Now consider the following tower of fields
$L=\mathbb Q(i,\sqrt[4]3,\sqrt[3]3,\sqrt[3]2)$
$M_1= \ K(\sqrt[3]3), M_2 = \ K(\sqrt[3]2), M_3 = K(\sqrt[3]6), M_4 = K(\sqrt[3]{12})$
$ K= \mathbb Q(i,\sqrt[4] 3)$
I think there are no more intermediate fields.

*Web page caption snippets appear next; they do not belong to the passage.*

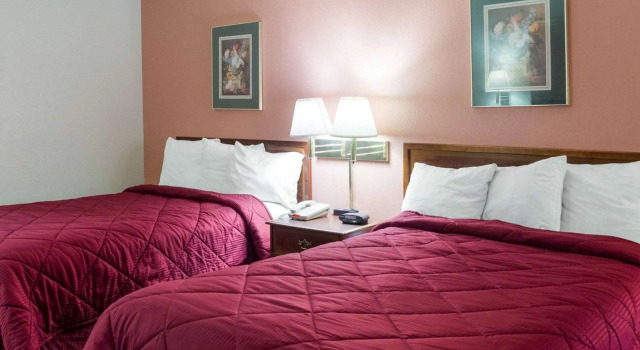 Четырёхместный номер Standard Econo Lodge Yazoo City
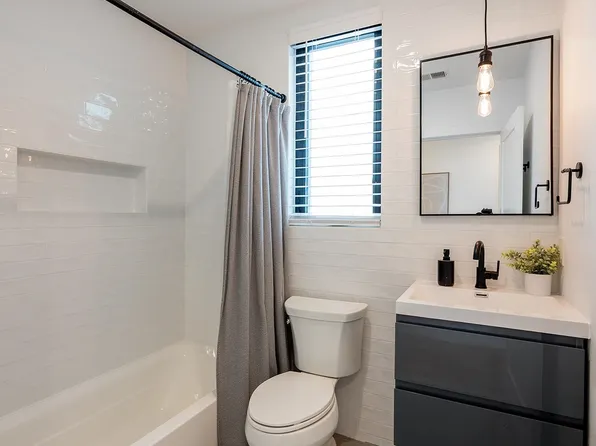 827 Pavonia Avenue image 8 of 11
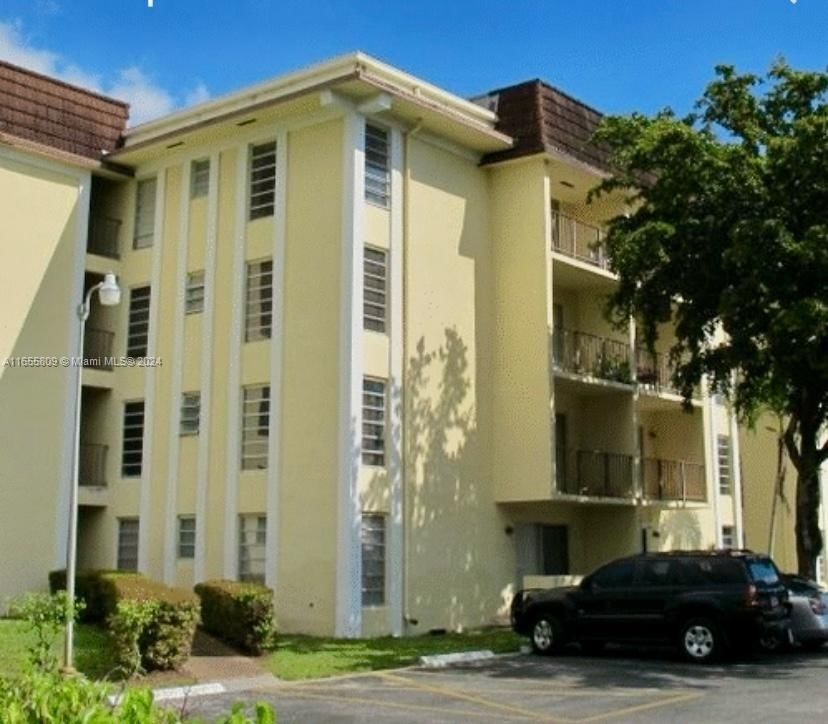 Real estate property located at 11905 2nd Ave C302, Miami-Dade, CAPRI GARDENS CONDO, North Miami, FL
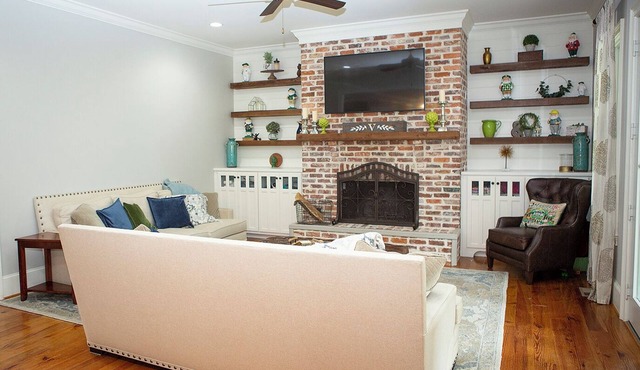 Gorgeous Executive Masters Rental In Exclusive Champions Retreat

We know that $\mathrm{Gal}(K/\mathbb Q)= D_4$ (sometimes also denoted $D_8$, the dihedral group of the square), and $\mathrm{Gal}(L/K)= \mathbb Z/3\times\mathbb Z/3$.
In my notes it says:
'All $M_i$ are clearly isomorphic with isomorphism given by $\sigma$, the $4$-cyclic element of $D_4$.'
I don't understand why this is the case.
You are right $\mathbb Q(\sqrt 2)$ and $\mathbb Q(\sqrt 3)$ are not isomorphic. If $\varphi$ was an isomorphism between $\mathbb Q(\sqrt 2)$ and $\mathbb Q(\sqrt 3)$ you would have $\varphi(\sqrt 2) = a + b \sqrt 3$ with $a,b \in \mathbb Q$ and therefore $(a + b \sqrt 3)^2 - 2=0$ which cannot happen as $\sqrt 2$ and $\sqrt 3$ are irrational.
The $M_i$ are not isomorphic for similar arguments. Are you sure that the statement is not about Galois groups of the $M_i$?